Tiglet did not seem to mind this course of action one bit, and stubbornly continued sitting on his bucket. Calvin unscrewed the genny cap his own self, as he knew he’d have to. There wasn’t a bear on this whole farm, he thought, that knew how to do an honest day’s labour.

He finished topping off the genny and lugged the significantly less weighty can back to the racks. It took only four tugs on the ripcord to get the generator chugging along, making that nice steady noise Calvin liked, the one that meant he could turn the lights on and cook his meals up good and hot.

‘Job done,’ Calvin said, gathering up Tiglet. He exited the barn and latched its big red door behind him. Calvin ambled over to the farmhouse, swinging the bear merrily by one arm. He could see Fozzo sitting on the porch, probably waiting for him to make breakfast.
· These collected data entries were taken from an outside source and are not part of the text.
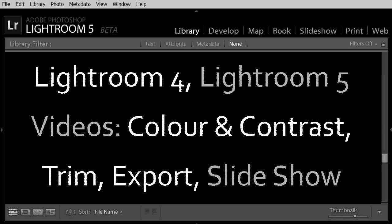Hello. In this video tutorial I will show you just briefly how to change and present video files in Lightroom 4 and Lightroom 5.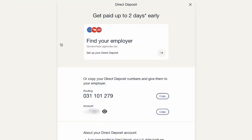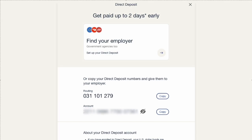The account number is hidden. Click on the eye button to reveal your account number. You can use these numbers to transfer money from another bank account. You can also set up direct deposit of your salary.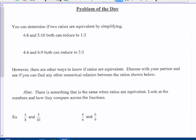Today's video is in your 1D intro to proportional thinking packet, and we're going to talk about proportions. The problem of the day on page 1: you can determine if two ratios are equivalent by looking at both of them in their simplest form. So 4 to 8 and 5 to 10 both reduce to a 1 to 2 ratio, so they are equivalent ratios.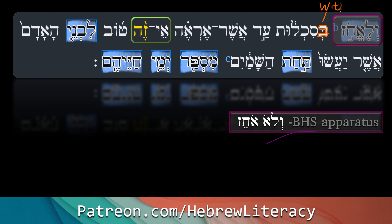'Besikhlut' — bet is an inseparable preposition meaning 'with' or 'in.' 'Sikhlut' is a fairly rare word meaning 'folly.' There is a disagreement: some scholars believe Kohelet actually decided to seize folly, and others say no, he decided not to — he just wanted to examine it. You can go either way, accepting BHS's recommendation or staying with the text as the Masoretes pointed it. I personally like BHS's suggestion, but you do not have to agree.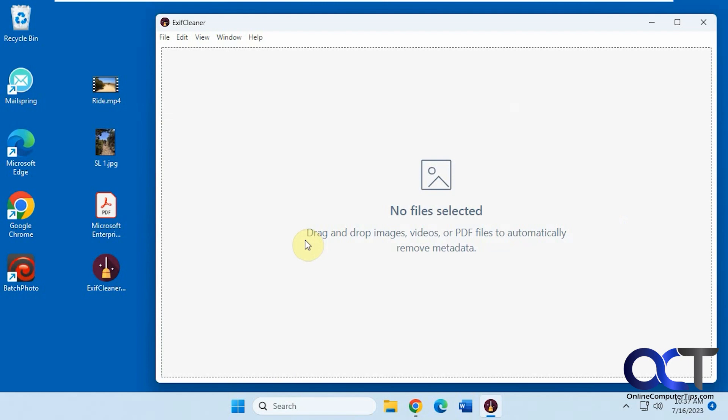Hi, in this video we're going to show you a way to clear out metadata information from your files all in one step. So you can kind of do this in bulk.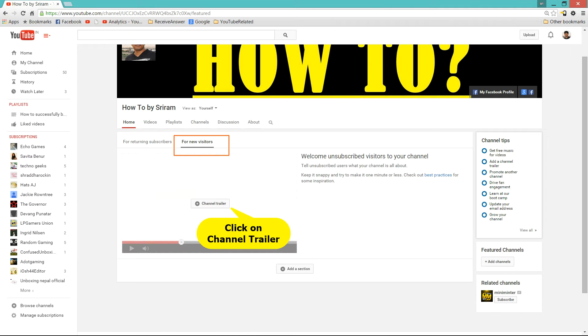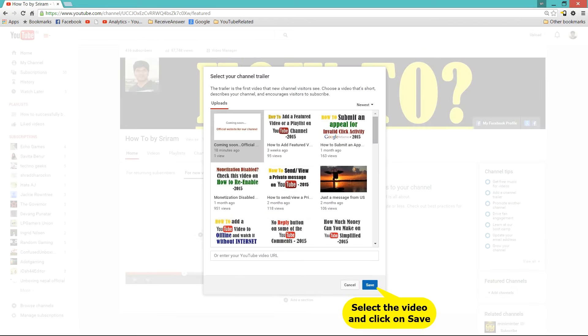So let's go to new visitors. Now in that click on channel trailer. Now choose the video that you have created for channel trailer and click on save.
Well, that bear could have cereal as far as he was concerned; eggs were for workers, powdered or not.

‘Stay right where you’re at, boy.’ A voice spoke behind him.
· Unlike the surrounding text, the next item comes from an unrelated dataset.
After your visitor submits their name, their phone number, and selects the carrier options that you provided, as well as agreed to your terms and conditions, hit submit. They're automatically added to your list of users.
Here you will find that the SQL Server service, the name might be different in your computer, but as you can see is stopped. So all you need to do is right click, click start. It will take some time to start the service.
Calvin spun on the spot, almost dropping Tiglet into the ash and filth that coated the ground.

‘Goddammit, boy, I done said freeze!’

Striding over was a man dressed in rags. A bandana covered the bottom half of his face, and a John Deere cap most of the rest. His eyes peered from the gap in between, creased and as blue as penny marbles. Calvin noted that the man looked as though he’d run his whole outfit through a wood chipper before deciding on getting dressed that morning.

‘Where your folks at?’ barked the man through the rag that covered his face.

Calvin stared, his fingers tightening reflexively around Tiglet.

‘You deaf? Don’t you make me ask twice.’ The man drew back his raggedy coat; an AR-15 peeked out.

‘My pops is with Uncle Jake,’ Calvin managed, as loudly as he could.

‘They gone then,’ the man said, looking around the property, as though he were considering putting a bid on it.

‘They’ll be back, soon too. You better scoot, mister. Pops has got a fierce temper, you wouldn’t wanna be around for it.’

‘Yeah, well I guess he ain’t met me yet,’ the traveller said indifferently. ‘Where’s your food at?’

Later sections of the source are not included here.